PROBLEM DESCRIPTION:
Word for word, quote the lines from the one containing "Used Fiat 500" to the end of the entries below, including both. Leave pictures out.

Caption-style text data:
==*==

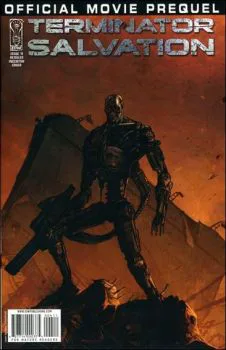 Cover of Retailer Incentive Cover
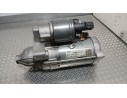 Recambio de motor arranque para ds ds 7 crossback (j4_, jr_, jc_) 1.5 bluehdi 130 (jcyhzj, jcyhzr) referencia OEM IAM 9832577880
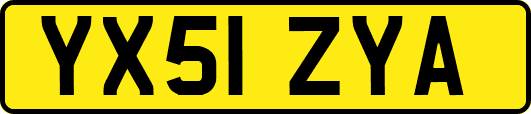 YX51ZYA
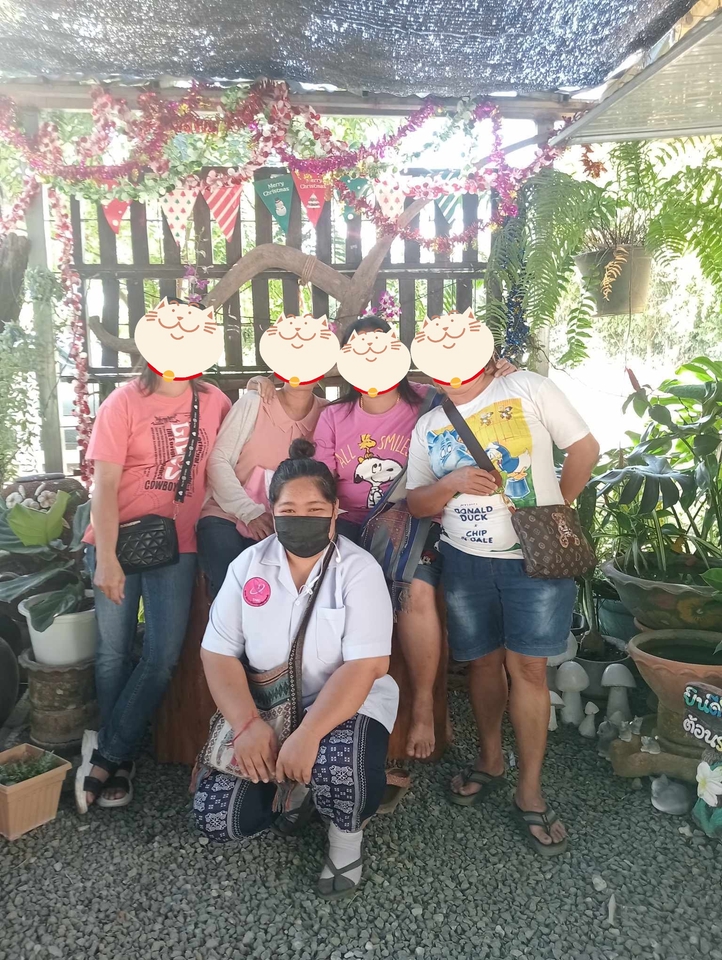 อื่นๆ - บิลา รับจ้างสารพัด - 3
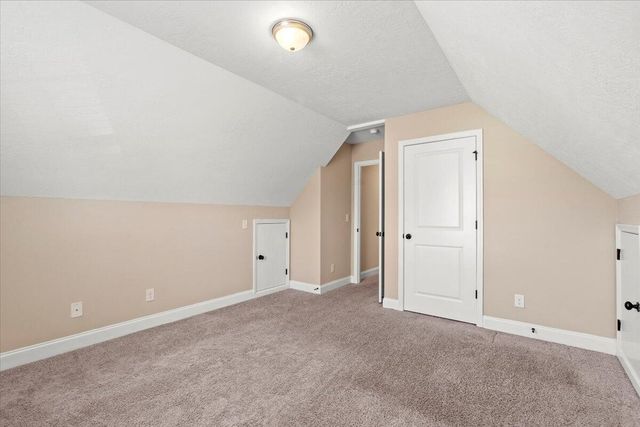 2003 Dundee Way, Grovetown, GA 30813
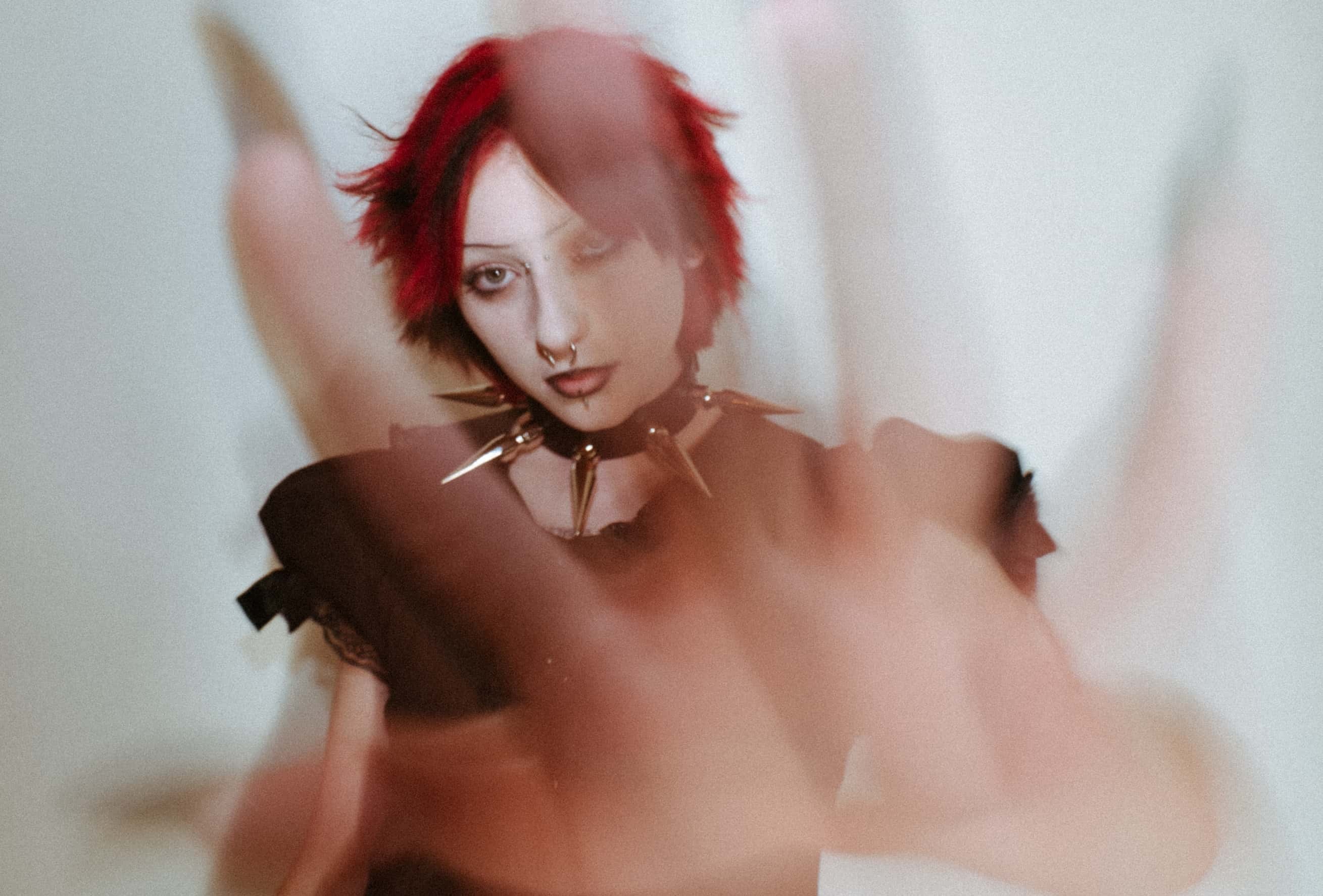 Carolesdaugher DSC05281 T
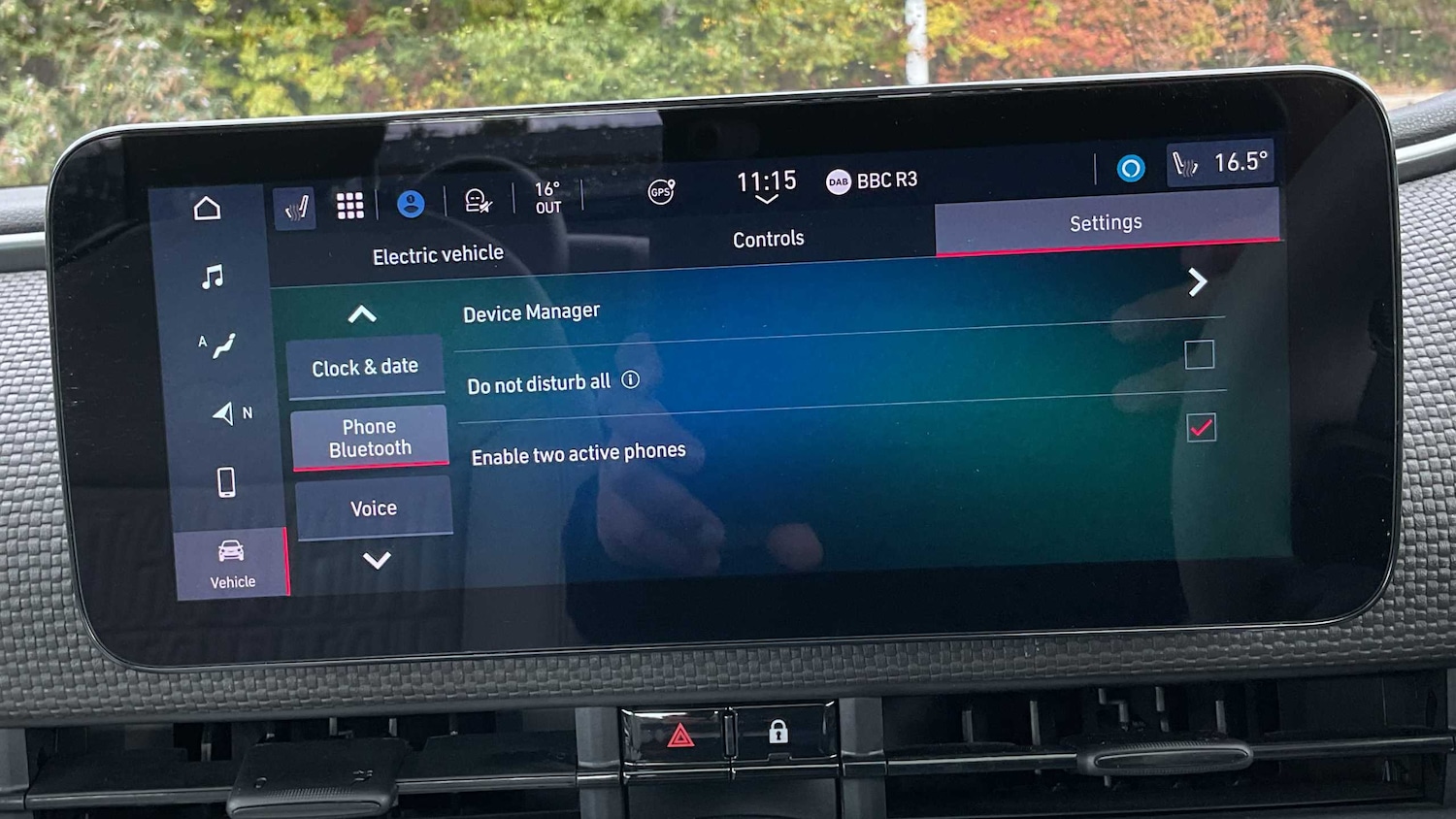 Used Fiat 500 2022 for sale - 78023858: Photo 32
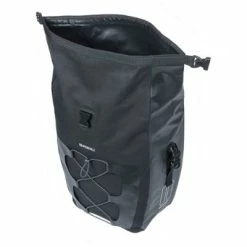 Sacoche Vélo Latérale étanche Navigator Waterproof Basil 31 L 10 Sacoche Vélo Latérale étanche Navigator Waterproof Basil 31 L -Bike Boutique de vente sacoche velo laterale etanche navigator waterproof basil 31 l full 5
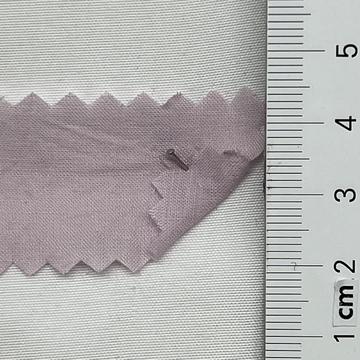 9 Lavender
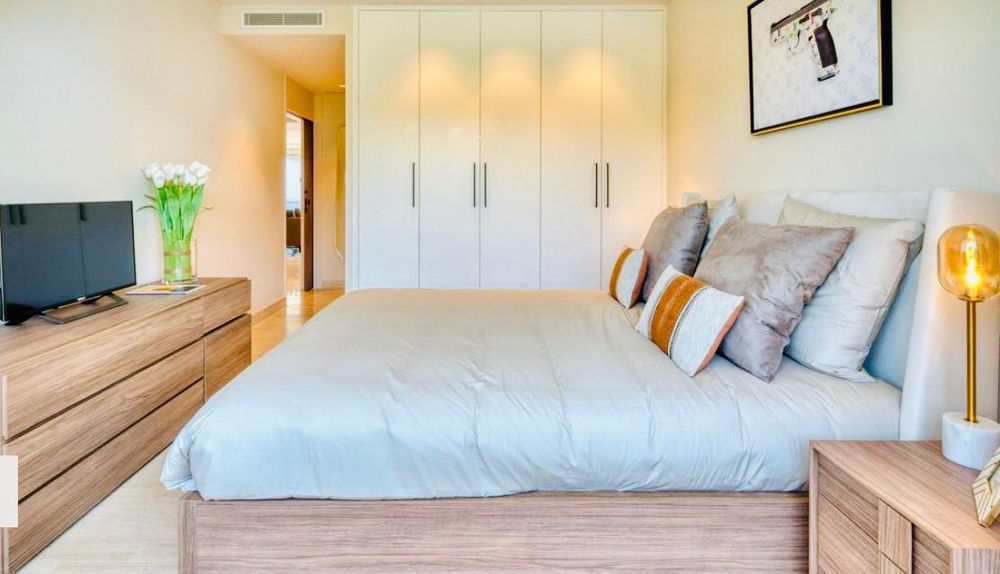 � vendre  Appartement Cannes (06400)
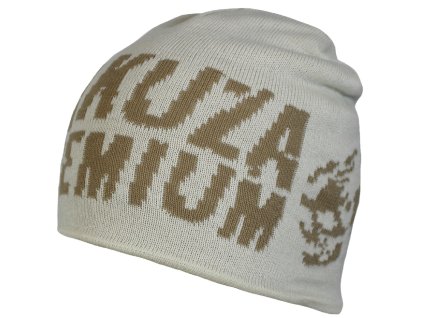 Snímek obrazovky 2024 12 20 v 22.26.30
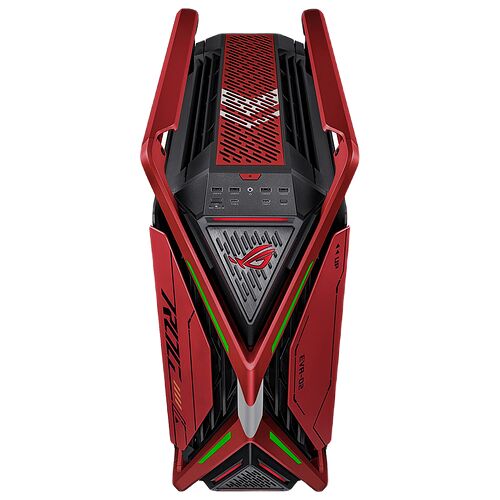 ASUS ROG Hyperion GR701 EVA-02 Edition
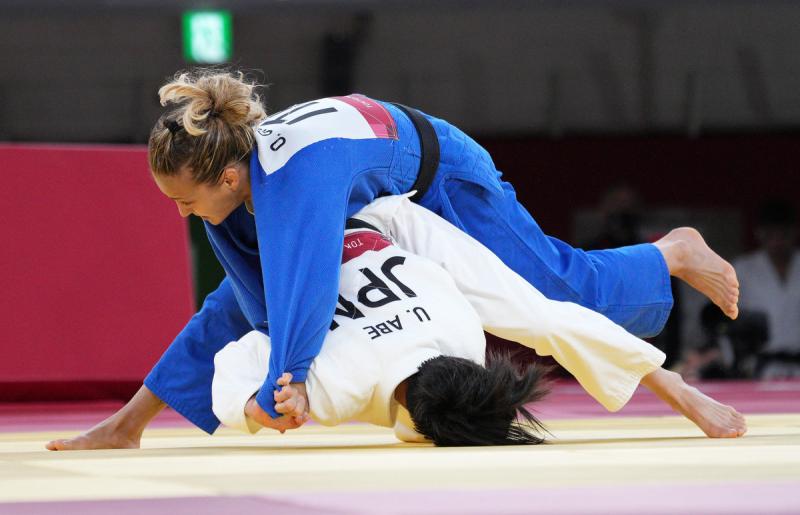 Judo Giuffrida Foto Luca Pagliaricci GMT PAG04001 copia Judo Giuffrida Foto Luca Pagliaricci GMT PAG04001 copia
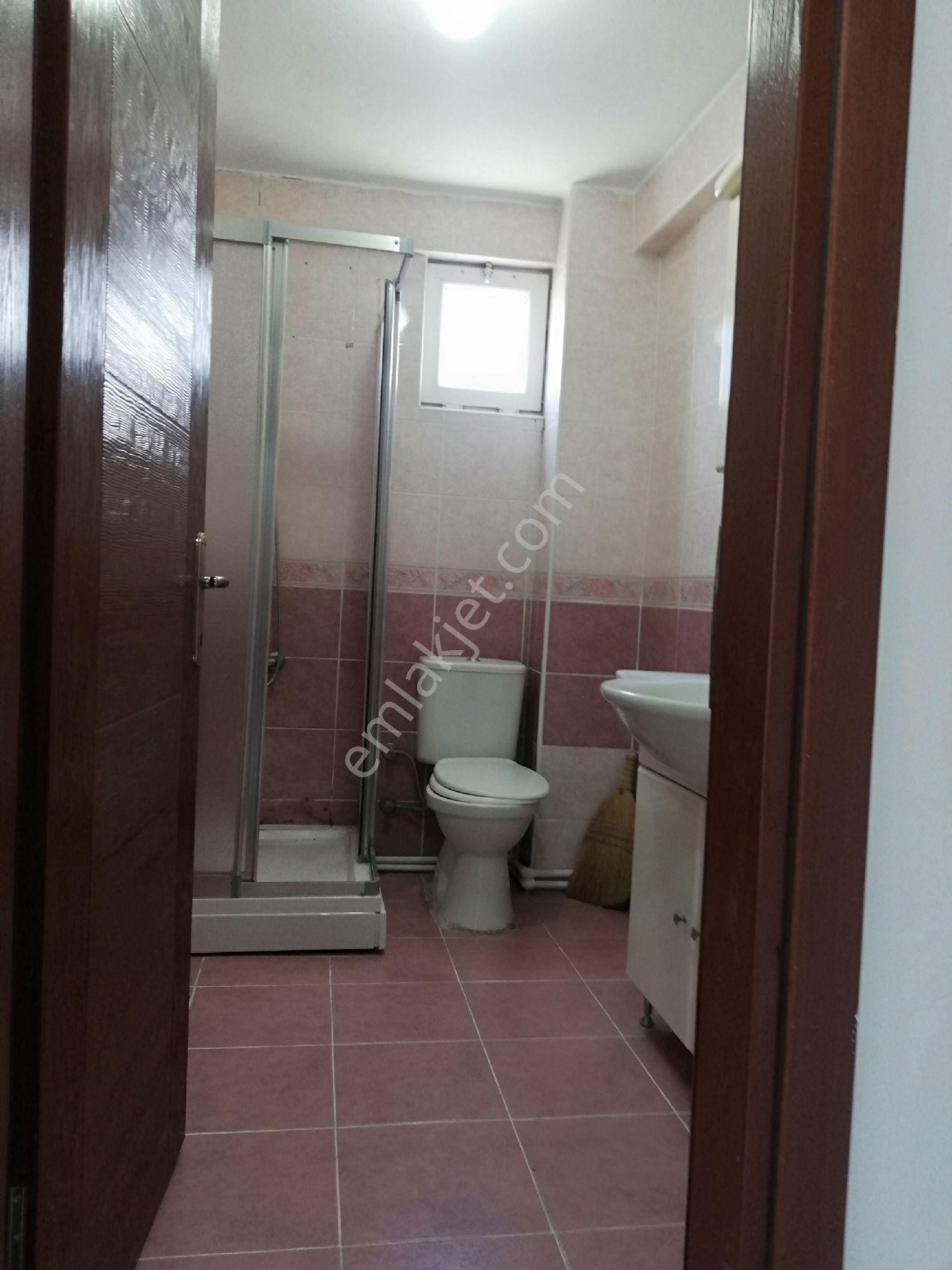 Keşan İspatcami Mahallesi 2+1 Sahibinden Satılık, Kiracısız. - Görsel 7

==*==

RESULT BELOW:
 Used Fiat 500 2022 for sale - 78023858: Photo 32
 Sacoche Vélo Latérale étanche Navigator Waterproof Basil 31 L 10 Sacoche Vélo Latérale étanche Navigator Waterproof Basil 31 L -Bike Boutique de vente sacoche velo laterale etanche navigator waterproof basil 31 l full 5
 9 Lavender
 � vendre  Appartement Cannes (06400)
 Snímek obrazovky 2024 12 20 v 22.26.30
 ASUS ROG Hyperion GR701 EVA-02 Edition
 Judo Giuffrida Foto Luca Pagliaricci GMT PAG04001 copia Judo Giuffrida Foto Luca Pagliaricci GMT PAG04001 copia
 Keşan İspatcami Mahallesi 2+1 Sahibinden Satılık, Kiracısız. - Görsel 7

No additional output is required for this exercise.